Male hormones (androgens, the most common of which is testosterone) typically fuel the growth of prostate cancer. Hormone therapy for prostate cancer is treatment that decreases the body’s levels of androgens (called androgen deprivation therapy, or ADT) and shrinks the size of the cancer in the prostate as well as other areas (metastases).
In patients with metastatic prostate cancer, immune therapies may be recommended as a second-line treatment for patients who have not been successful with hormone therapy.
Asking questions of your doctor may help you make more informed decisions about your care. Open communication between a patient and his doctor is extremely important. Here are answers to some common questions prostate cancer patients should ask their doctors:
PSA is a substance produced by the prostate. It is mostly found in semen. The levels of PSA in the blood may be higher in men who have prostate cancer or other conditions. A PSA test is used primarily to screen for prostate cancer. A PSA test measures the amount of prostate-specific antigen (PSA) in your blood. Small amounts of PSA ordinarily circulate in the blood. The PSA test may detect high levels of PSA that could indicate the presence of prostate cancer. However, many other conditions, such as an enlarged or inflamed prostate, may also increase PSA levels.

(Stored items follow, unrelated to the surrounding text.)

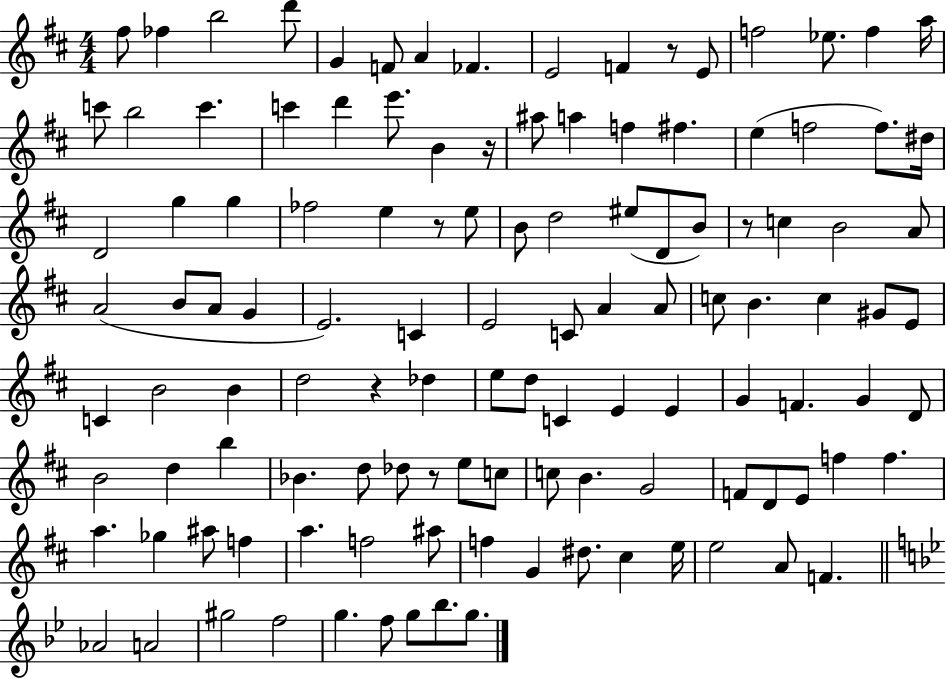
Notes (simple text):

F#5/e FES5/q B5/h D6/e G4/q F4/e A4/q FES4/q. E4/h F4/q R/e E4/e F5/h Eb5/e. F5/q A5/s C6/e B5/h C6/q. C6/q D6/q E6/e. B4/q R/s A#5/e A5/q F5/q F#5/q. E5/q F5/h F5/e. D#5/s D4/h G5/q G5/q FES5/h E5/q R/e E5/e B4/e D5/h EIS5/e D4/e B4/e R/e C5/q B4/h A4/e A4/h B4/e A4/e G4/q E4/h. C4/q E4/h C4/e A4/q A4/e C5/e B4/q. C5/q G#4/e E4/e C4/q B4/h B4/q D5/h R/q Db5/q E5/e D5/e C4/q E4/q E4/q G4/q F4/q. G4/q D4/e B4/h D5/q B5/q Bb4/q. D5/e Db5/e R/e E5/e C5/e C5/e B4/q. G4/h F4/e D4/e E4/e F5/q F5/q. A5/q. Gb5/q A#5/e F5/q A5/q. F5/h A#5/e F5/q G4/q D#5/e. C#5/q E5/s E5/h A4/e F4/q. Ab4/h A4/h G#5/h F5/h G5/q. F5/e G5/e Bb5/e. G5/e. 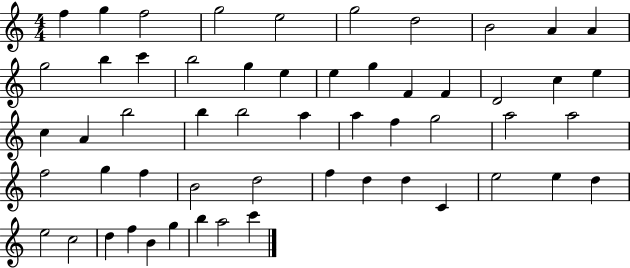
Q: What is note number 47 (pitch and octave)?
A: E5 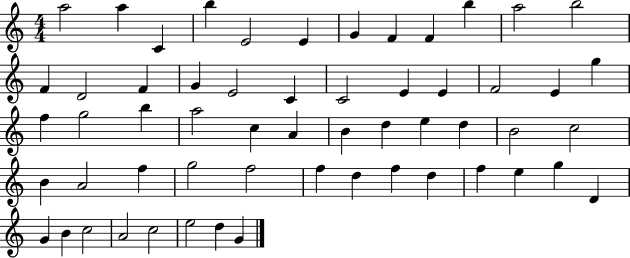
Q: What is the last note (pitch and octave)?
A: G4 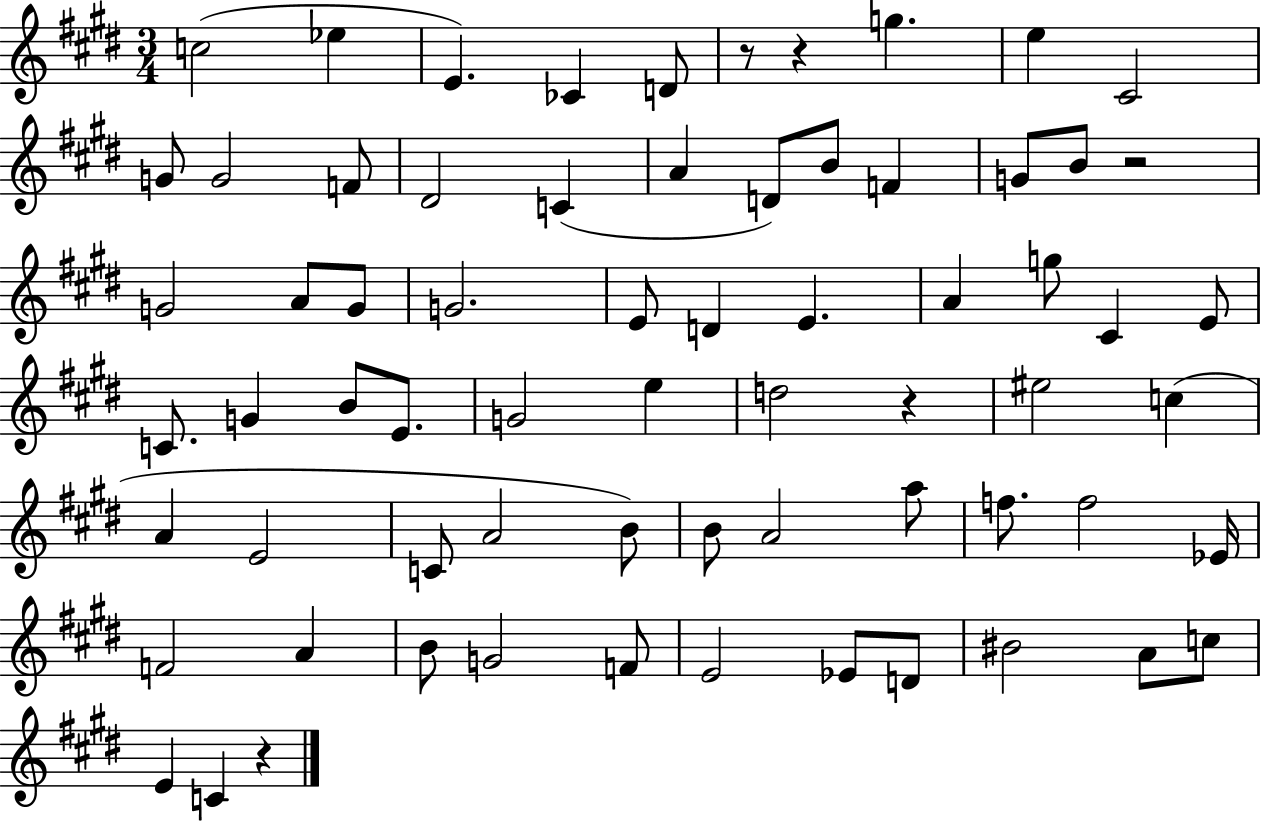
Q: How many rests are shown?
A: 5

The Gleason scale, developed by physician Donald Gleason in the 1960s, provides a score that helps predict the aggressiveness of prostate cancer. Pathologists assign two grades to prostate cancers ranging from one to five based on how they look under a microscope. This is called the Gleason score. The first, called the primary grade, is determined by observing the area where the prostate cancer cells are most prominent. The secondary grade considers the area where the cells are almost as prominent. These two numbers added together to produce the total Gleason sum. This is a number between two and 10. A higher score means the cancer is more likely to spread.

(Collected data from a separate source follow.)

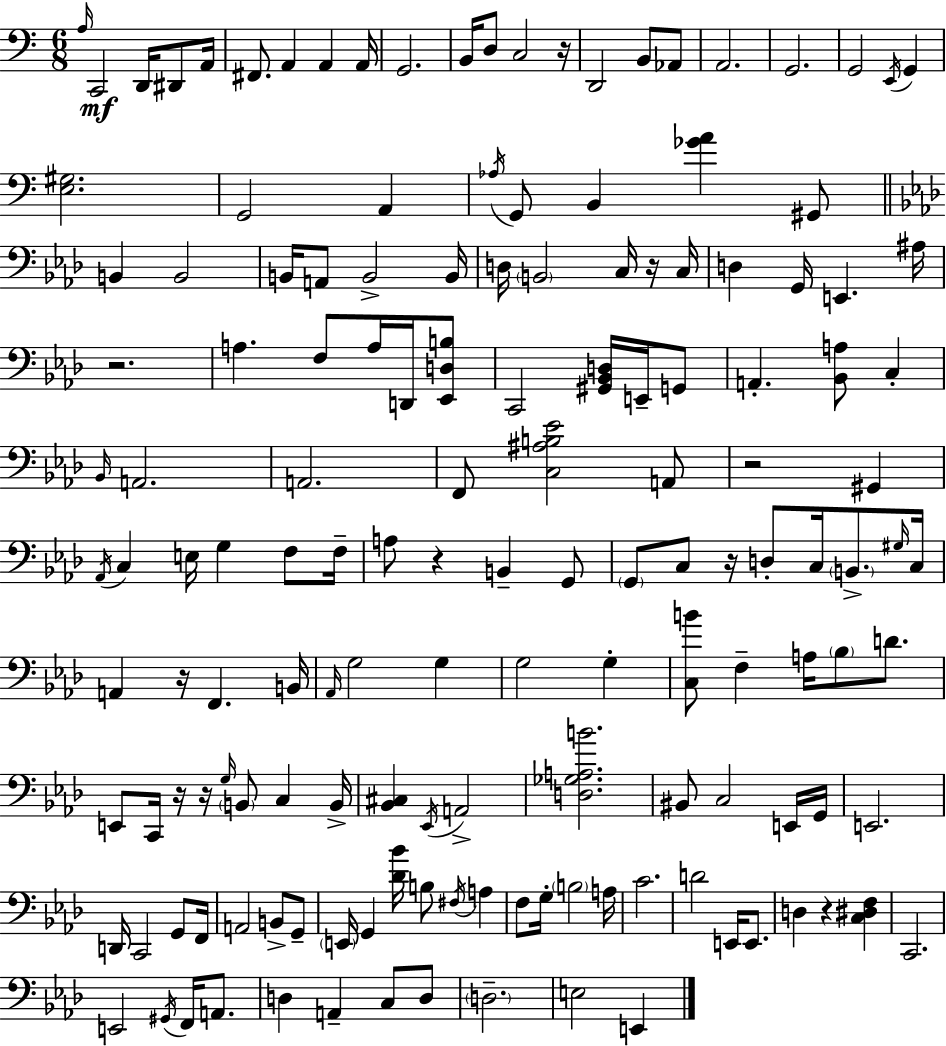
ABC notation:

X:1
T:Untitled
M:6/8
L:1/4
K:C
A,/4 C,,2 D,,/4 ^D,,/2 A,,/4 ^F,,/2 A,, A,, A,,/4 G,,2 B,,/4 D,/2 C,2 z/4 D,,2 B,,/2 _A,,/2 A,,2 G,,2 G,,2 E,,/4 G,, [E,^G,]2 G,,2 A,, _A,/4 G,,/2 B,, [_GA] ^G,,/2 B,, B,,2 B,,/4 A,,/2 B,,2 B,,/4 D,/4 B,,2 C,/4 z/4 C,/4 D, G,,/4 E,, ^A,/4 z2 A, F,/2 A,/4 D,,/4 [_E,,D,B,]/2 C,,2 [^G,,_B,,D,]/4 E,,/4 G,,/2 A,, [_B,,A,]/2 C, _B,,/4 A,,2 A,,2 F,,/2 [C,^A,B,_E]2 A,,/2 z2 ^G,, _A,,/4 C, E,/4 G, F,/2 F,/4 A,/2 z B,, G,,/2 G,,/2 C,/2 z/4 D,/2 C,/4 B,,/2 ^G,/4 C,/4 A,, z/4 F,, B,,/4 _A,,/4 G,2 G, G,2 G, [C,B]/2 F, A,/4 _B,/2 D/2 E,,/2 C,,/4 z/4 z/4 G,/4 B,,/2 C, B,,/4 [_B,,^C,] _E,,/4 A,,2 [D,_G,A,B]2 ^B,,/2 C,2 E,,/4 G,,/4 E,,2 D,,/4 C,,2 G,,/2 F,,/4 A,,2 B,,/2 G,,/2 E,,/4 G,, [_D_B]/4 B,/2 ^F,/4 A, F,/2 G,/4 B,2 A,/4 C2 D2 E,,/4 E,,/2 D, z [C,^D,F,] C,,2 E,,2 ^G,,/4 F,,/4 A,,/2 D, A,, C,/2 D,/2 D,2 E,2 E,,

A Gleason score between two and six means the cancer is likely to grow and spread very slowly. If the cancer is small, many years may pass before it becomes a problem. Thus, you may never need cancer treatment.
A Gleason score of seven means the cancer is likely to grow and spread at a modest pace. If the cancer is small, several years may pass before it becomes a problem. To prevent problems, treatment is needed.
A Gleason score between eight and 10 signifies the cancer is likely to grow and spread fast. If the cancer is small, a few years may pass before the cancer becomes a problem. To prevent problems, treatment is needed now.
Oncologists who treat prostate cancer take a number of factors into consideration that predict how fast the cancer will grow. These factors include the clinical stage of the cancer, the PSA level and the appearance of the prostate cancer cells under the microscope (the Gleason sum). Together, these factors may be used to predict an individual’s risk of prostate cancer progression.
Prostate cancer may be quite dangerous. But when caught early, it may be treated with a high success rate. Oncologists who are not only experienced in treating cancer but in treating your type of cancer are better equipped to explain the comprehensive treatment options available. When it comes to prostate cancer surgery, often the experience and skill of a surgeon is a major factor in the success of the operation. Don’t hesitate to ask whether your oncologist has experience treating prostate cancer and whether he or she is a board-certified specialist.